Çok sevdiği dedesini ve babasını bir kazada kaybeden Yiğit’in hayatında büyük değişiklikler olur. Alıştıkları hayattan koparak yaşadıkları şehirden ayrılıp annesi, kız kardeşi ve babaannesiyle İstanbul’a taşınırlar. Yeni hayatına güçlükle alışan Yiğit, arkadaşı Mehmet’le gizlice girip çıktıkları terk edilmiş konakta bir gün davetsiz bir misafir bulur. Ve o dakikadan sonra hepsinin hayatı, tahmin bile edemeyecekleri şekilde değişir. Şaşırtıcı rastlantılarla ağların ince ince örülüp birbirine bağlandığı Sırlarla Dolu Konak, Filiz Özdem’den hayaller, rüyalar, geçmiş ve geleceğin iç içe geçtiği; sevgi, dostluk, acı, umut ve vefa üzerine etkileyici bir ilkgençlik romanı.
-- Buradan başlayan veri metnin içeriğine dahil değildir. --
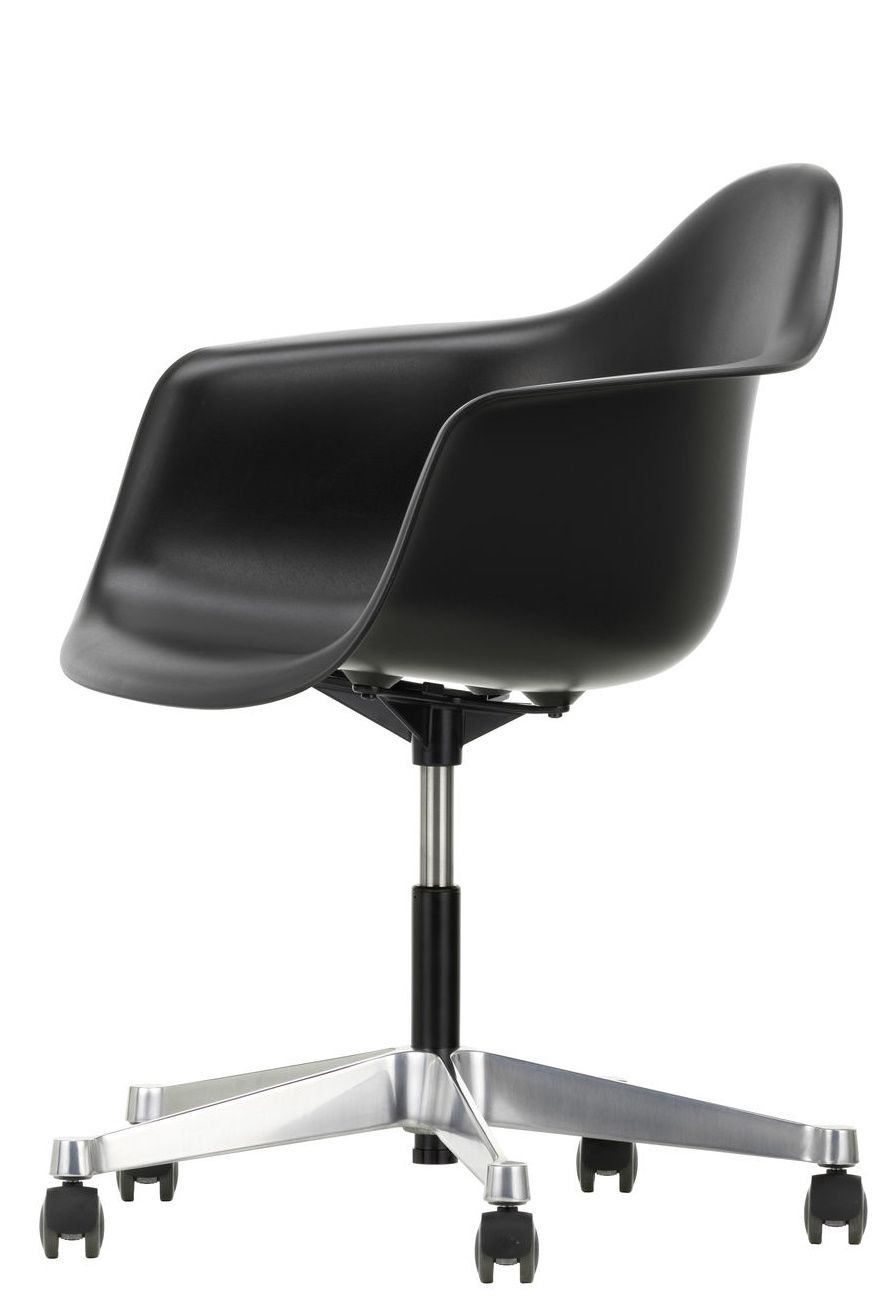 Eames Plastic Arm Chair PACC Chair Vitra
“O gece çok tuhaf rüyalar gördüm.
Cebimde bilyeyle yolda yürüyordum. Elimle cebimdeki bilyeyi çevirip duruyordum. Derken, geçmekte olduğum ağaçlı yol bitiyor, önümde göz alabildiğine bir vadinin uzandığı bir yükseklikte buluyordum kendimi. Bilyeyi cebimden çıkarıp yüz hizamda tutarak parmaklarımın arasında çevirmeye başlıyordum. Çevirdikçe bilye büyüyor, ben de büyülenmişim gibi kendimi onun içinde buluyordum. Bilyenin içinden başka bir dünyaya çıkıyordum. Çıktığım dünyada da elimde bilyeyle buluyordum kendimi. Orada da bilyeye bakarak parmaklarımın arasında çevirmeye devam ediyordum. Bilye yine büyüyor, yine beni içine alan bir başka dünyada buluyordum kendimi. Bu böyle sürüp giderken kan ter içinde yatağımdan fırladım. Bu ne acayip bir rüyaydı böyle!”